UF researchers to test novel treatments for medulloblastoma

By Michelle Jaffee

University of Florida researchers have received approval from the Food and Drug Administration to test two new experimental therapies in first-ever human clinical trials for a subtype of medulloblastoma, the most common pediatric malignant brain tumor.

The two Phase I trials to treat Group 4 medulloblastoma, expected to begin this fall and next spring, will separately be led by Duane Mitchell, M.D., Ph.D., and Elias Sayour, M.D., Ph.D., investigators with UF’s McKnight Brain Institute and the UF Health Cancer Center.

Doctors Duane Mitchell and Elias Sayour
(From left) Drs. Duane Mitchell and Elias Sayour

Mitchell’s trial will test combining two distinct techniques: precision adoptive T-cell therapy and immune checkpoint blockade with PD-1 inhibitors. Adoptive T-cell therapy, developed at UF, has been shown to be safe and feasible for children with medulloblastoma in previous trials, Mitchell said, while PD-1 inhibitors are FDA-approved to treat some other types of cancer.

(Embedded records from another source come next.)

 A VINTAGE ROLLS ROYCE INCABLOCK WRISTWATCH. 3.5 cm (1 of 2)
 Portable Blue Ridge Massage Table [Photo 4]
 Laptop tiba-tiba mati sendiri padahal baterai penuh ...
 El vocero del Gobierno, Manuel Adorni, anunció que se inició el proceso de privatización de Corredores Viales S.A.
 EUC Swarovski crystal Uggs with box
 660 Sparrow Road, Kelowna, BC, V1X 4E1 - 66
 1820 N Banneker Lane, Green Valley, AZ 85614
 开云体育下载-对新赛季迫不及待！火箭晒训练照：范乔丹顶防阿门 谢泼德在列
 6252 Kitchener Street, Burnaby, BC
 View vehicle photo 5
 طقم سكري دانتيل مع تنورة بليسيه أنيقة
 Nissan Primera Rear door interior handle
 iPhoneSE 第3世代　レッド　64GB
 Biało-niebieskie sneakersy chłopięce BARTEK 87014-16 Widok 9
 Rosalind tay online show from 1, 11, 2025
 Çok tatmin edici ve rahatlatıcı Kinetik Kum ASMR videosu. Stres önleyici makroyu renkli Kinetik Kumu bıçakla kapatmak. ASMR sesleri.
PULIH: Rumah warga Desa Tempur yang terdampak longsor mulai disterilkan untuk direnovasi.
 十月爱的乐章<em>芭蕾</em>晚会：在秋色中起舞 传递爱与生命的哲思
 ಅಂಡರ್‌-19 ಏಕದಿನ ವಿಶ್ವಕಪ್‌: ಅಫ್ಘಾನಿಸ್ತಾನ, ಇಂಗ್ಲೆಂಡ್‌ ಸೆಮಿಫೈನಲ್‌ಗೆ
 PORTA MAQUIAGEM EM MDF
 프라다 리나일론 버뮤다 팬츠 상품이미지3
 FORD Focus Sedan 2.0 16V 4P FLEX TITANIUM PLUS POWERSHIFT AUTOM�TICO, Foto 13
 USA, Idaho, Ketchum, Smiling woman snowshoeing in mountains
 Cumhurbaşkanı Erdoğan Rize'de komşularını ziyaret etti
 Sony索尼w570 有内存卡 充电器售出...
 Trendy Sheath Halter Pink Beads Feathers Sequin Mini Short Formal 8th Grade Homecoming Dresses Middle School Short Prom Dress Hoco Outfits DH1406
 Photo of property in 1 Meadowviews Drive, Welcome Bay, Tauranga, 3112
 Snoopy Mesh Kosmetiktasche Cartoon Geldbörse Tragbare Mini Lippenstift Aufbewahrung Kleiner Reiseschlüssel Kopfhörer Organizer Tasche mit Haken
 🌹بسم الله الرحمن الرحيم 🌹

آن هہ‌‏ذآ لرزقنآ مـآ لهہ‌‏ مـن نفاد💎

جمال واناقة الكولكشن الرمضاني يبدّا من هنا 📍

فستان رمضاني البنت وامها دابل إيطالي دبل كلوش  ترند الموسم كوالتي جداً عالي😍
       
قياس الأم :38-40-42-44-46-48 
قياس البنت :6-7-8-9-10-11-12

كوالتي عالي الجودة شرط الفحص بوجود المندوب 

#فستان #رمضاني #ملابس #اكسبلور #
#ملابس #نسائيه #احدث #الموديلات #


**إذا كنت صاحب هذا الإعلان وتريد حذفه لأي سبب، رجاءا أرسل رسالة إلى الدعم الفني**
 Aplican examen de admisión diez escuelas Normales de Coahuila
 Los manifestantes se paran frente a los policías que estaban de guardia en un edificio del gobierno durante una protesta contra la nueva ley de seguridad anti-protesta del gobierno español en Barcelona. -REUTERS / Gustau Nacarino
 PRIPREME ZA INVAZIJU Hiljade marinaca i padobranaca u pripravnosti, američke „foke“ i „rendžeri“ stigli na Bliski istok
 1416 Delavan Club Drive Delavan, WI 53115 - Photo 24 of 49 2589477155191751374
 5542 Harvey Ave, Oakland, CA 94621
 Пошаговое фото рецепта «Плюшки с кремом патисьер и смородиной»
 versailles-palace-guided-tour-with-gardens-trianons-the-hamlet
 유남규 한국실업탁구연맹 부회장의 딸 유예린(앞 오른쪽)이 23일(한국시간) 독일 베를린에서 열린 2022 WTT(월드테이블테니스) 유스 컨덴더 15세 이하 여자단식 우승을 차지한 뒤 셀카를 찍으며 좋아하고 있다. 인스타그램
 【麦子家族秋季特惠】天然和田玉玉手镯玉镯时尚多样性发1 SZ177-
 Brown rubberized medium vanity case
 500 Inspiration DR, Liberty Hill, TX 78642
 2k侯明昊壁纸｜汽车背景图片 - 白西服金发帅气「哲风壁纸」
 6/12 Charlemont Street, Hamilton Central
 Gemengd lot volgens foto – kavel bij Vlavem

The new trial will involve using mRNA expressed from a patient’s own Group 4 medulloblastoma tumor to stimulate T-cell responses directed at the cancer.

“This will be for children with a relapse of Group 4 medulloblastoma,” said Mitchell, director of the UF Clinical and Translational Science Institute and co-director of UF’s Preston A. Wells Jr. Center for Brain Tumor Therapy. “The initial study is a pilot to confirm safety and feasibility in six patients, and then we anticipate expanding the trial.”

Sayour pointing at a brain tumor on a scan

Sayour’s trial will use an mRNA cancer vaccine developed by his lab to reprogram the immune system to attack the cancer. It is the same technique he is currently testing in a Phase 1 pediatric clinical trial for glioblastoma, the most aggressive and lethal brain tumor.

Glioblastomas tend to form in the frontal lobe or temporal lobe of the brain, while medulloblastomas develop in the cerebellum, at the back of the brain.

The five-year survival rate for medulloblastoma is about 80%, according to the National Cancer Institute, but prognosis can be affected by multiple factors, including the stage of the cancer, how the patient responds to treatment and their age and health when diagnosed.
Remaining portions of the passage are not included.